TRY IT: With pictures omitted, output the records below exactly as they appear.
┌──
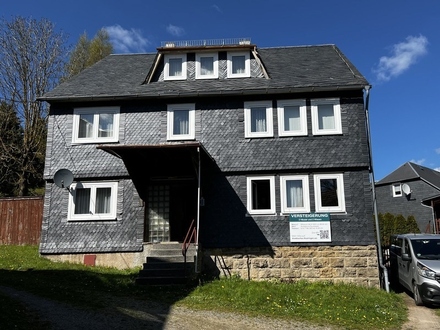 Mehrfamilienhaus in 07426 Königsee, Am Steinborn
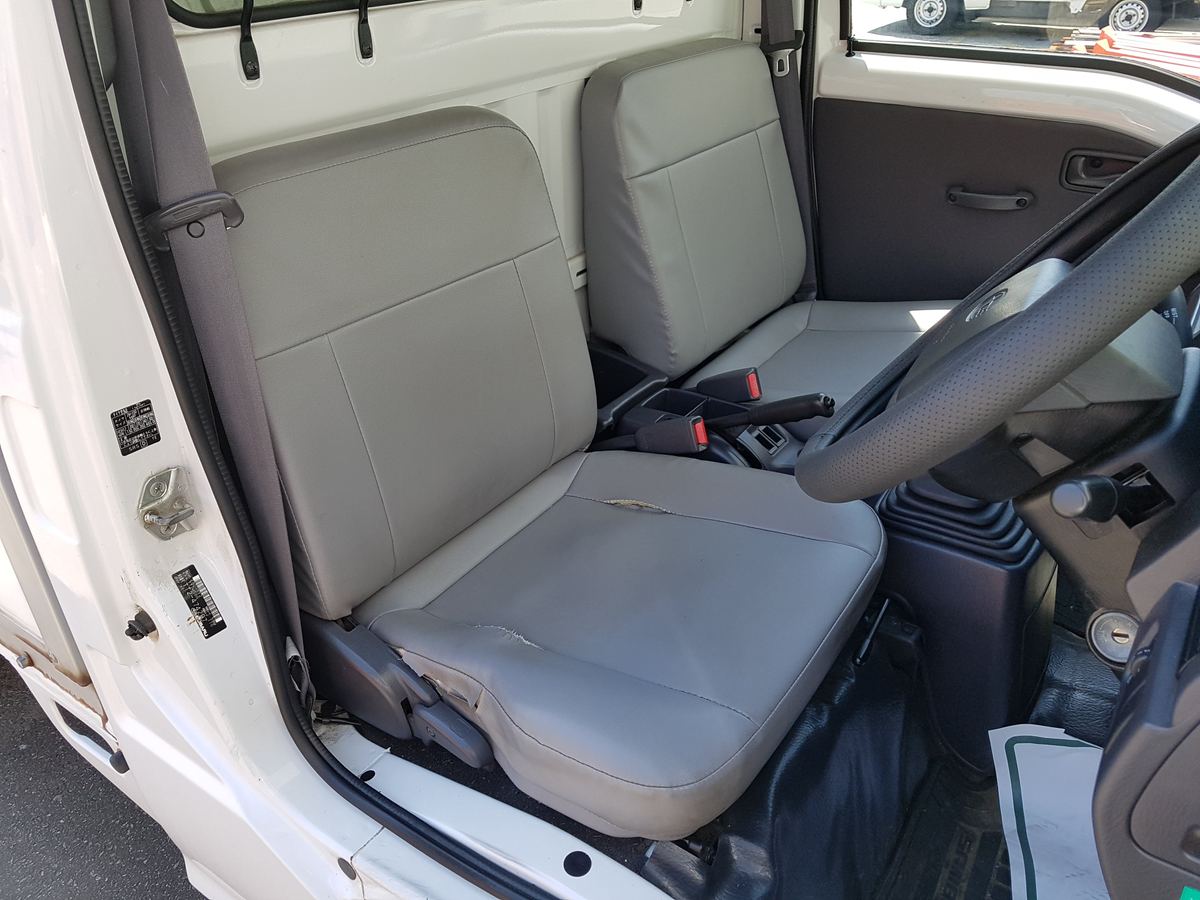 2010 Subaru Sambar JDM car for sale — photo 11 of 18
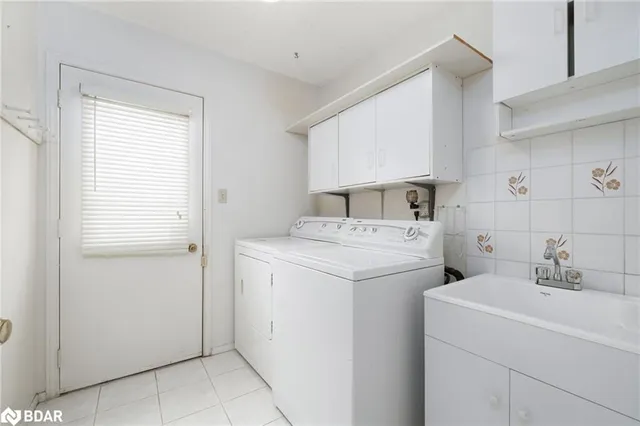 Additional property image - 15 Oakington Pl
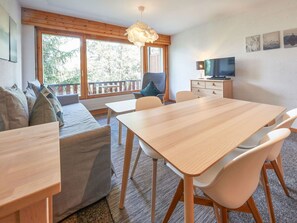 Table, Meubles, Propriété, Fenêtre, Chaise, Bois, Éclairage, Design Intérieur, Cadre, Sol
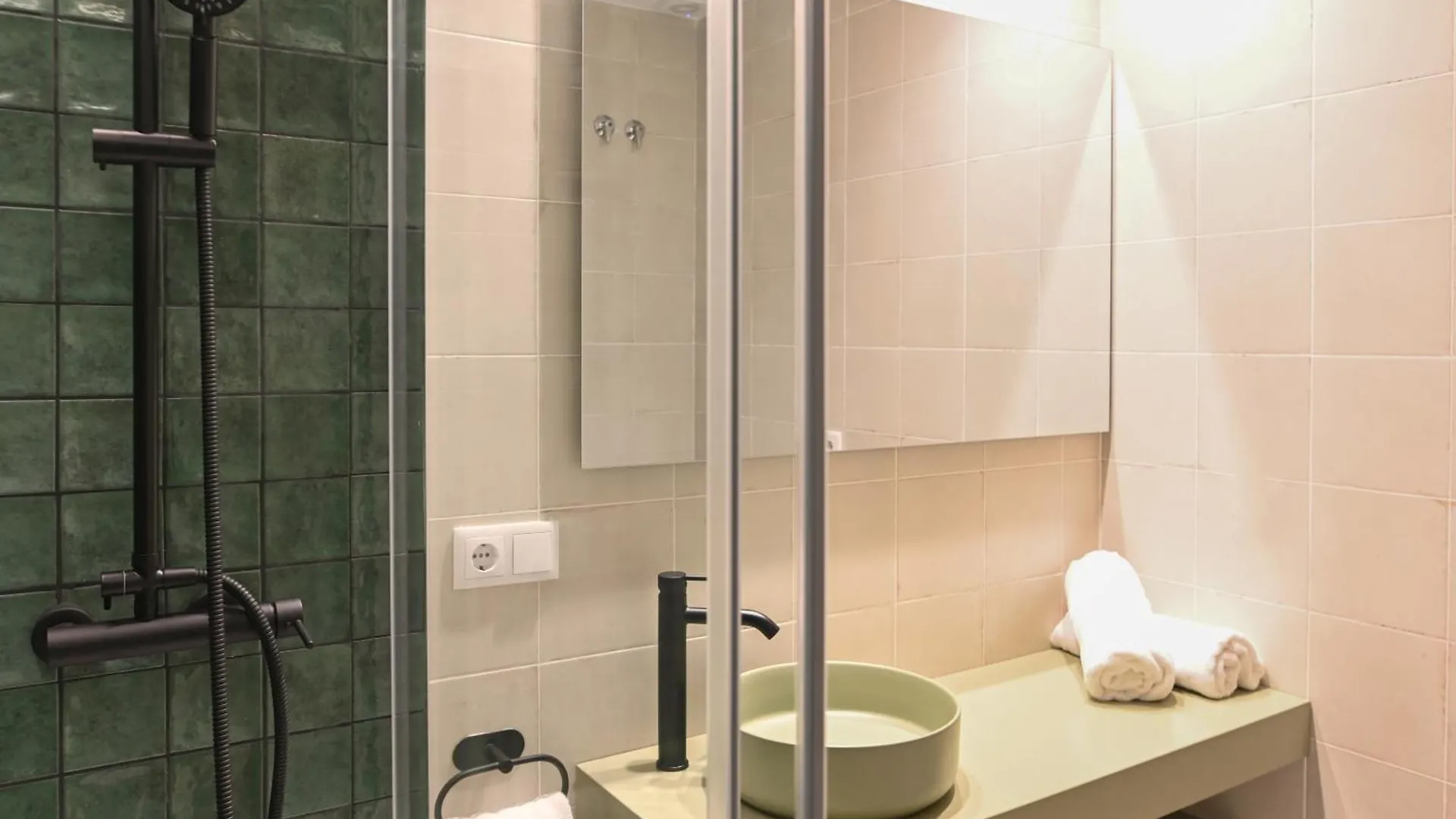 Alohamundi Curtidurias Apartment Seville Spain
└──
SOLUTION:
 Mehrfamilienhaus in 07426 Königsee, Am Steinborn
 2010 Subaru Sambar JDM car for sale — photo 11 of 18
 Additional property image - 15 Oakington Pl
 Table, Meubles, Propriété, Fenêtre, Chaise, Bois, Éclairage, Design Intérieur, Cadre, Sol
 Alohamundi Curtidurias Apartment Seville Spain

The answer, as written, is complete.